Abstract: Process parameters for manufacturing of complex parts in electron beam powder bed fusion are usually derived from material-specific process windows, which are established by fabrication and evaluation of standardized cuboid specimen. The mechanisms defining low- and high-energy boundaries of the process window are well understood. The boundary emerging at high scan speeds and beam power however, was observed but the underlying mechanism is not further discussed. In addition, appropriate methodologies to transfer process parameters from standardized process windows to complex geometries are not readily available, as the meltpool geometry is significantly affected by the scan length. This work introduces and verifies a characteristic scan length dependent process parameter limit for the fabrication of complex geometries.

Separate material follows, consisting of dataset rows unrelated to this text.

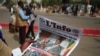 A journalist reads a local newspaper bearing the late Chadian president Idriss Deby on the front page, during the state funeral for Deby in N'Djamena, Chad, April 23, 2021. 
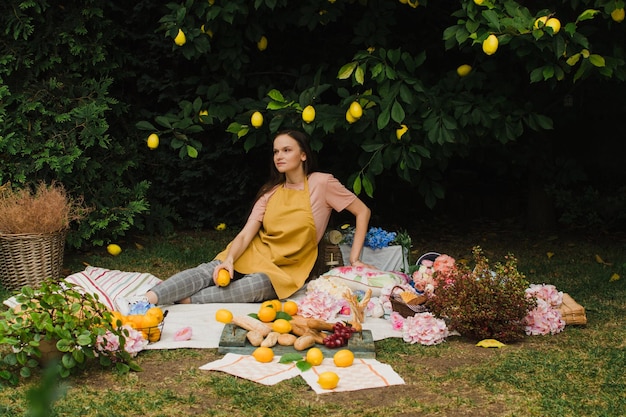 Woman in the garden on a picnic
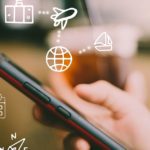 Travel vacation icons mixed screen on woman hand using smartphon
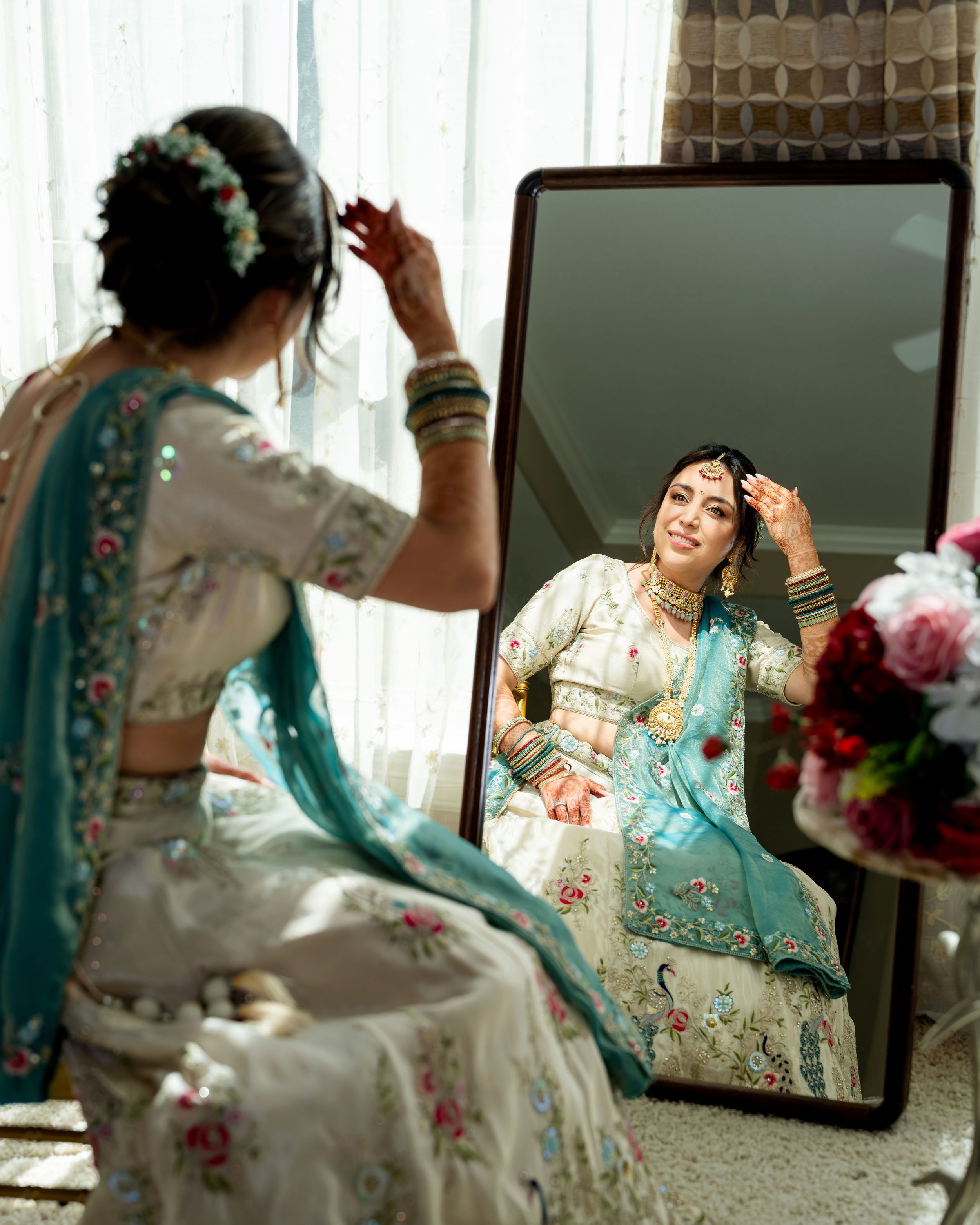 Multiple mirror reflections show someone in an ornate turquoise and cream traditional dress during a photoshoot.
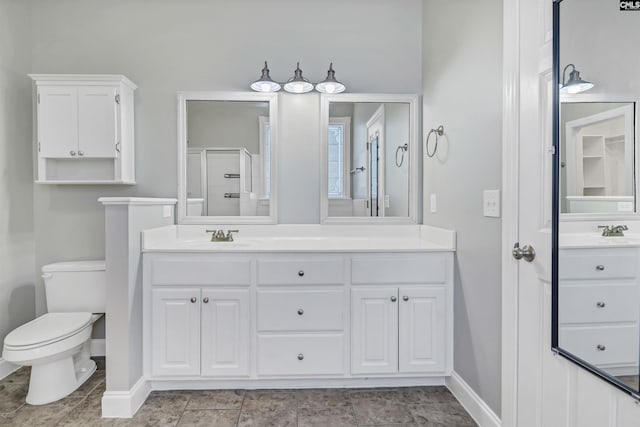 full bathroom featuring baseboards, vanity, toilet, and a shower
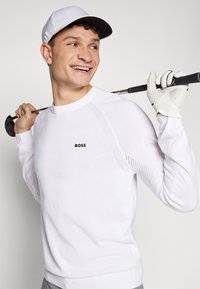 Valge golfisweater, millel on õlgadel hingavad võrgukujundused, töötleva logo ja soonikdad varrukad. Kanda koos kindaga ja mütsiga.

Electron-optical process monitoring enables the surface characterization for a wide range of process parameter and the subsequent identification of the process parameter limit as a linear function of scan length. A semi-analytical heat conduction model is used to examine the corresponding meltpool geometries. The underlying mechanism is determined as the meltpool stability limit, which occurs, when the aspect ratio of the meltpool reaches the threshold for a liquid film instability. Based on the meltpool geometries for different scan lengths, an analytical relationship for the process parameter limit as a function of scan length is proposed. This relationship may be used as a guideline for the selection of process parameters and the development of new scan strategies for the fabrication of complex geometries.